P: Terima kasih banyak, Dini, atas kejujurannya dan waktunya. Semoga pengalamanmu bisa jadi inspirasi buat perempuan lainnya.

N: Sama-sama. Saya juga senang bisa berbagi.

Menggali Makna Konflik Peran Perempuan

Dari wawancara ini, kita dapat melihat bahwa menjadi perempuan yang menjalani dua atau lebih peran bukan soal menjadi “superwoman” yang bisa melakukan segalanya dengan sempurna. Justru, kekuatan perempuan terletak pada kemampuan untuk beradaptasi, mengelola ekspektasi, dan tetap setia pada nilai-nilai hidupnya.

Di banyak budaya, termasuk Indonesia, masih ada anggapan bahwa perempuan sebaiknya lebih fokus ke urusan domestik. Bahkan ketika seorang perempuan bekerja, tak jarang ia tetap diharapkan menjadi penanggung jawab utama urusan rumah. Di sinilah letak tekanan itu. Tuntutan sosial yang tidak adil bisa membuat perempuan merasa “selalu kurang” atau “selalu salah”.

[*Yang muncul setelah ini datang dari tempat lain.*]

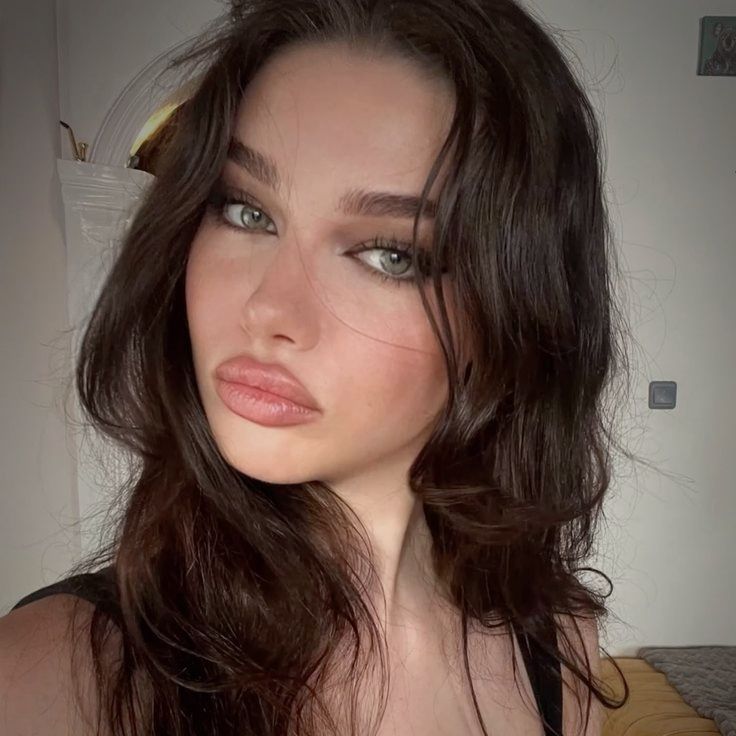 𝐿𝒾𝒶
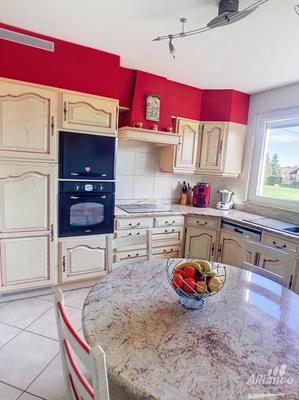 Propriété - 205 m² - 10 pièces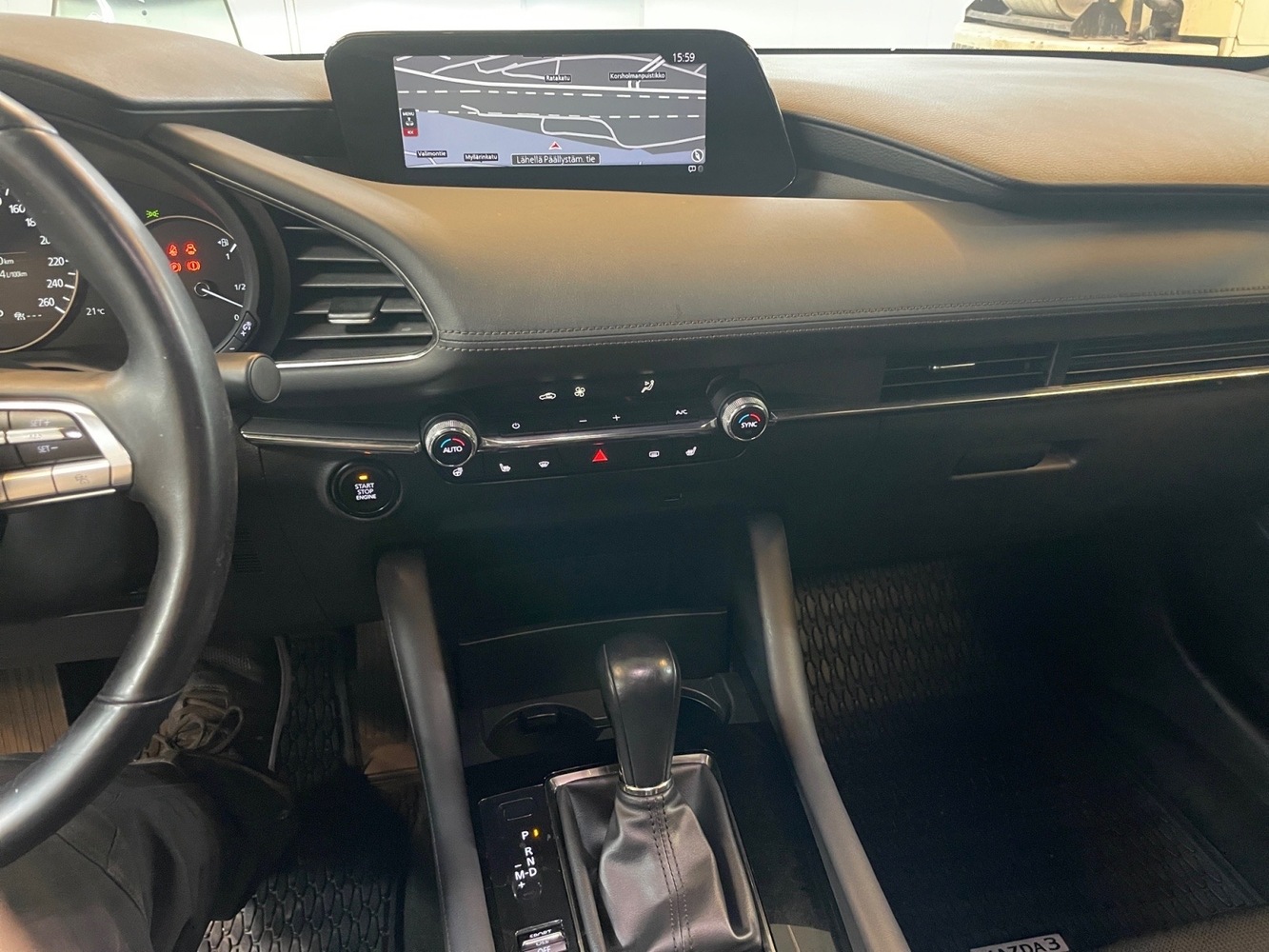Mazda 3 vaihtoauto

Padahal, perempuan juga punya hak untuk tumbuh dan mengejar mimpinya. Seperti kata Dini, ia ingin bisa mandiri secara ekonomi, membantu orang tuanya, dan menjadi contoh bagi adiknya. “Saya nggak ingin hidup saya berhenti hanya karena saya menikah. Saya ingin tetap berkembang, tapi juga tetap hadir untuk keluarga,” ungkapnya.

Untuk mencapai itu, perempuan harus berani menyusun ulang prioritas dan berdamai dengan ketidaksempurnaan. Rumah tidak harus selalu rapi. Masakan tidak harus selalu tersedia tiga kali sehari. Dan kerja pun tidak harus selalu sempurna. Yang penting adalah keseimbangan: kapan harus gas, kapan harus rem. Dan yang tidak kalah penting, perempuan perlu belajar berkata “cukup”cukup untuk diri sendiri, cukup untuk kesehatan mental, cukup untuk kebahagiaan pribadi.

Dari kisah nyata ini, kita bisa menarik satu kesimpulan sederhana: perempuan itu kuat bukan karena bisa melakukan semuanya, tapi karena tahu mana yang perlu dipertahankan dan mana yang bisa dilepaskan. Mereka berani menghadapi konflik, berani merasa bersalah, tapi juga berani membuat keputusan untuk dirinya sendiri.

Perubahan besar tidak selalu dimulai dari revolusi sosial. Kadang dimulai dari hal-hal kecil: keberanian berbicara pada pasangan, keberanian mengambil peluang, dan keberanian jujur pada diri sendiri. Dalam hal ini, perempuan seperti Dini adalah potret kekuatan yang sesungguhnya—diam-diam berjuang, diam-diam bertumbuh.